Por si no fuera suficiente con la historia y la cultura, también está el factor biológico. Resulta que el cerebro humano viene con un instinto lingüístico incorporado que, igual que el resto del cerebro, funciona regulero pero lo suficiente para mantener la especie. Los niños aprenden lenguas con una facilidad insultante y, de paso, las cambian. No hay comité lingüístico más impredecible que una generación de críos inventándose formas nuevas de decir cosas que ya existían.

Y por si faltaba chispa, aparece el azar: errores, malentendidos, pronunciaciones flojas, “cocreta”, “güisqui”, “murciégalo” y otras joyas que terminan quedándose porque, al final, hacen la vida más cómoda. Así muta el lenguaje, como un Pokémon pero sin control parental.

Cada lengua evoluciona porque cada comunidad humana es un universo distinto. Cuando dos lenguas se cruzan, se prestan palabras como quien se presta azúcar al vecino. Después nadie recuerda quién empezó, pero el lenguaje sale ganando. Esa mezcla constante es lo que ha construido la variedad lingüística del planeta, que es mucha, aunque a veces parezca que todo el mundo solo quiere hablar inglés.

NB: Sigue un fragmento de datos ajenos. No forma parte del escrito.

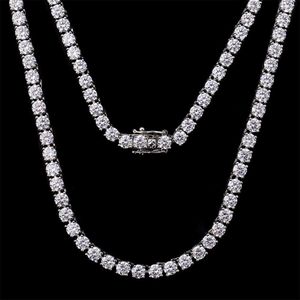 Provence masculino diamante tênis corrente 3mm/6mm masculino pulseira colar 10k acabamento em ouro branco completo diamante corte pino configuração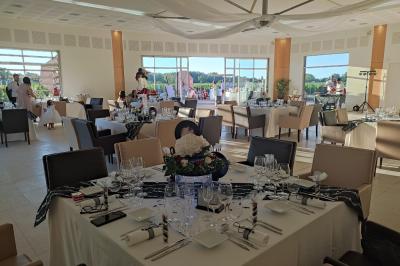 Un groupe de personnes échange autour d'un buffet en plein air, avec des serveurs et un paysage de vignoble en arrière-plan.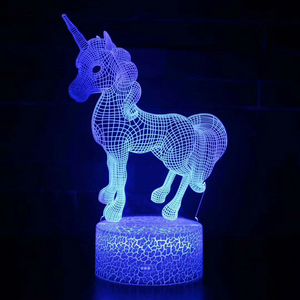 Tocco di colore 3d <span class=keywords><strong>Lampada</strong></span> Illusion Ha Condotto La Luce di Notte del USB <span class=keywords><strong>Lampada</strong></span> Da Tavolo per I Bambini Del Bambino Scherza il Regalo Camera Da Letto Comodino Cavallo Unicorno - Product Image 5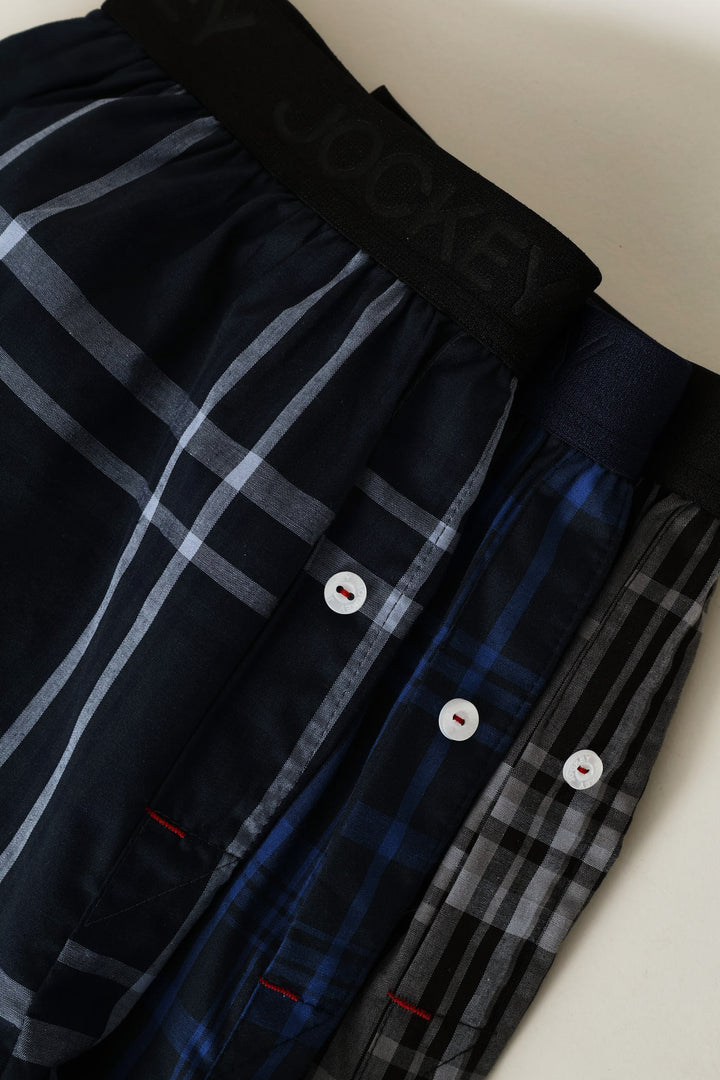 3 Pack Woven Boxers - Blue/Grey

El cambio es inevitable, así que mejor aceptarlo

El lenguaje evoluciona sí o sí. No es una propuesta, no es un referéndum, no es opcional. Por mucho que algunos se indignen (o, ejem, se indignaran) cada vez que oyen un “haiga”, la lengua seguirá cambiando. Las expresiones de hace veinte años ya no significan lo mismo y dentro de veinte años nos reiremos de las actuales.

Lo único sensato es cuidarla. No para encerrarla en una urna, sino para que siga siendo lo que es: la herramienta que permite que los seres humanos colaboren, discutan, se entiendan un poco y se malinterpreten bastante.

Todo lo demás es ruido. Literalmente.